Many readers of this blog will remember when I was physically assaulted by site staff at the excavation for the $300 million District S development in downtown Beirut last year.
I was basically locked inside the site, surrounded and tackled by contractors, who pulled my arms until I released my camera and agreed to delete the photos I had taken of the ruins inside. Reporters from Reuters and The Daily Star were also harassed and prevented from taking photos. My story got a lot of press but I was never able to recover the pictures I was forced to delete.
Thanks to activist Raja Noujaim, now we can get a sense of what was discovered there and what I saw before being jumped. Noujaim uploaded these two pictures (above and below) to Facebook today.
In his description, Noujaim claims there was a Roman fountain on the site and that it proved to be an important discovery of the city during the Hellenistic period.

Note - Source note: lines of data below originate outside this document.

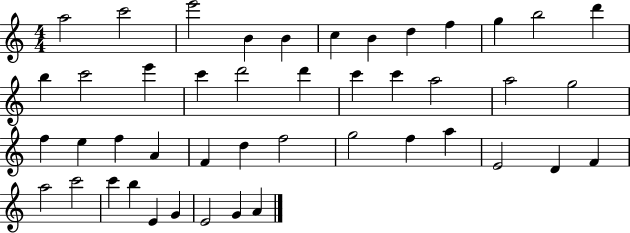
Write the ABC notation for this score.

X:1
T:Untitled
M:4/4
L:1/4
K:C
a2 c'2 e'2 B B c B d f g b2 d' b c'2 e' c' d'2 d' c' c' a2 a2 g2 f e f A F d f2 g2 f a E2 D F a2 c'2 c' b E G E2 G A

This is a sharp contrast to claim made by contractors that there were “no ruins on site.”
Last year, The Daily Star was able to capture some of the dismantling from a distance, before site workers threatened to break the photographer’s camera:
|The Daily Star|
Today, however the site has been entirely concreted over as seen in this Google Earth image:
So what happened to all the ruins? Spokespersons for the developer have sometimes claimed some of them will be integrated into the project. But how much will be saved and will the placement be historically accurate and accessible to the public? Or will the placement of ruins be merely be cosmetic, used as decorative pieces in private gardens?
Another key question is who makes decisions on such sites and why is public access to ruins so limited that you can literally get roughed up just for taking pictures before they are gone?